Practical guidance if you’re going through divorce

If you’re in a divorce (or post-divorce) and taxes are disputed:

  • Keep the tax-related portions of court documents cleanly excerpted and organized.
  • Don’t assume the decree alone resolves federal requirements—identify what federal forms or documentation the IRS expects.
  • Treat dependency claims and filing status as high-risk areas and document everything early (transcripts, proof of filing, proof of submission).
  • If conflict is likely, consider getting tax controversy guidance before filing positions diverge.

The practical lesson

Divorce can create assumptions about tax outcomes that the IRS does not follow unless the federal requirements are met. Keeping the lanes straight—family court agreements vs federal tax documentation—can prevent a tax issue from escalating into a long, expensive dispute.

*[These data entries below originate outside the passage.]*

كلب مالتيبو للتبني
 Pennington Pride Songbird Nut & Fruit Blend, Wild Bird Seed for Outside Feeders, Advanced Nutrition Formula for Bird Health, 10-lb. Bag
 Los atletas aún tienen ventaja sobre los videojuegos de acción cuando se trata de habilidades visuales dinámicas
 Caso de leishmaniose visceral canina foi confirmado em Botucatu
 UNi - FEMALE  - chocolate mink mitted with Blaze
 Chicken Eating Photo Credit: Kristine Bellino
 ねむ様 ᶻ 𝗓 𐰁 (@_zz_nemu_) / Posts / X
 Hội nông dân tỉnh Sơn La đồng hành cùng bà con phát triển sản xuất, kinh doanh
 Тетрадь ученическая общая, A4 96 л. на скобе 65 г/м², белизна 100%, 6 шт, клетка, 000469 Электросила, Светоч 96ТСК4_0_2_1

7) Communicating with the IRS (What actually works)

One of the biggest lessons I learned is that the IRS process rewards clarity, structure, and proof—and punishes vague narratives, scattered paperwork, and phone-call-only strategies. Even when you’re right on the facts, your case can stall if it’s not easy for a reviewer to understand what you’re asking for and why.

Use writing as your “system of record”

Phone calls can help you learn status, but they rarely create a reliable record. When something matters, put it in writing:

  • respond with a dated letter or fax
  • reference the IRS letter date and notice number (on your IRS copy)
  • keep copies of everything you send

Rule of thumb: if you can’t prove you sent it, assume it didn’t happen.

Keep every response structured and repeatable

The most effective letters follow a consistent format:

  1. What you’re responding to (IRS letter date and issue)
  2. What you are requesting (specific relief)
  3. Key facts (short bullets, not emotion)
  4. Rule / documentation basis (brief references to what controls)
  5. Exhibits attached (indexed list)
  6. What you need from the IRS next (clear questions or action)
  7. Proof of submission (fax confirmation / certified mail)

This makes it easier for the IRS to route and review your file—especially when cases move between departments.

Ask questions that force clarity

Instead of “Please fix this,” ask questions that require a precise answer:

  • “What is the IRS treating as the controlling return, and why?”
  • “What exact document(s) would satisfy your requirement to reconsider?”
  • “Which unit currently has this case (Exam, Accounts Management, Collections)?”
  • “What is the next written notice I should expect, and what are the deadlines?”
  • “If you deny this request, what is the formal appeal or reconsideration path?”

These questions reduce ambiguity and help you build a cleaner administrative record.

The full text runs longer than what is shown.